Sunday, December 25, 2022

The Despicable, No Good, Blackmail Campaign Targeting ... Imaginary Friends?

Natalia here speaks to our imaginary friend

In which we confront the pundits' assumption that the embarrasment-based extortion attempts would grow more “sophisticated and credible” over time with real data.

It's a problem that should not exist. 

It's a scam that's so obvious it should not work.

Yet we still see a stream of reports about people who have actually gone out and bought their first bitcoins (or more likely fractions of one) in order to pay off blackmailers who claim to have in their possesion videos that record the vicim while performing some autoerotic activity and the material they were supposedly viewing while performing that activity.

And occasionally one of those messages actually find their way to some pundit's inbox (like yours truly), and at times some of those pundits will say things like that those messages represent a real problem and will evolve to be ever more sophisticated.

Note: This piece is also available, with more basic formatting but with no trackers, here.

I am here to tell you that

  1. That incriminating video does not exist, and
  2. The pundits who predicted that those scams would evolve to become more sophisticated were wrong.

If you stumbled on this article because one of those messages reached you, it's safe to not read any further and please do ignore the extortion attempt.

I wrote a piece in 2019 The 'sextortion' Scams: The Numbers Show That What We Have Is A Failure Of Education, also available without trackers, where the summary is,

Every time I see one of those messages reach a mailbox that is actually read by one or more persons, I also see delivery attempts for near identical messages aimed at a subset of my now more than three hundred thousand spamtraps, also known imaginary friends.

Over the years since the piece was originally written, I have added several updates — generally when some of this nonsense reaches a mailbox I read — and while I have seen the messages in several languages, no real development beyond some variations in wording has happened.

Whenever one of those things does reach an inbox, my sequence of actions is generally to save the message and add it to the archive, see if the sending IP address has already entered the blocklist that is later exported and add it by hand if not.

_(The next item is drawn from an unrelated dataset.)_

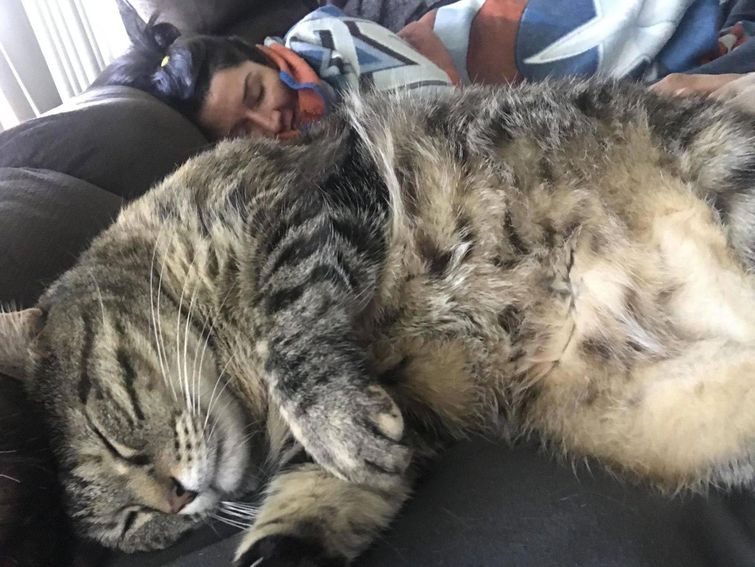 25 странных фотографий, которые веселят до слёз и оставляют после себя много вопросов мозговзрывные фото, странные фотографии, необъяснимые фотографии, фотографии сложно объяснить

Then check if the number of trapped addesses has swelled recently by checking the log file from the export script

$ tail -n 96 /var/log/traplistcounts

See if there is a sharp increase since the last blocklist export

$ doas spamdb | grep -c TRAPPED

Then check for related activity in the log

$ tail -n 500 -f /var/log/spamd

Check for the full subject in the same log file

$ grep "You are in really big troubles therefore, you much better read" /var/log/spamd

Then check older, archived logs to see how long this campaign has been going on for

$ zgrep "You are in really big troubles therefore, you much better read" /var/log/spamd.0.gz

This time, the campaign had not gone on for long enough to show traces in the older archive, so I go on to extracting the sending IP addresses

$ grep "You are in really big troubles therefore, you much better read" /var/log/spamd | awk '{print $6}' | tr -d ':' | sort -u

Check for activity from one of the extracted addresses

$ grep /var/log/spamd | tee wankstortion/20221123_trapped_183.111.115.4.txt

Extract the sender IP addresses to an environment variable to use in the next oneliner,

$ grep trouble /var/log/spamd | awk '{print $6}' | tr -d ':' | sort -u | grep -vc BLACK | tee -a wankstortion/20221123_campaign_ip_addresses.txt

which will record all activity involving those IP addresses since the last log rotation:

$ for foo in $troubles ; do grep $foo /var/log/spamd | tee -a wankstortion/20221123_campaign_log_extract.txt ; done

You will find all those files, along with some earlier samples, and by the time you read this, possibly even newer samples, in the archive.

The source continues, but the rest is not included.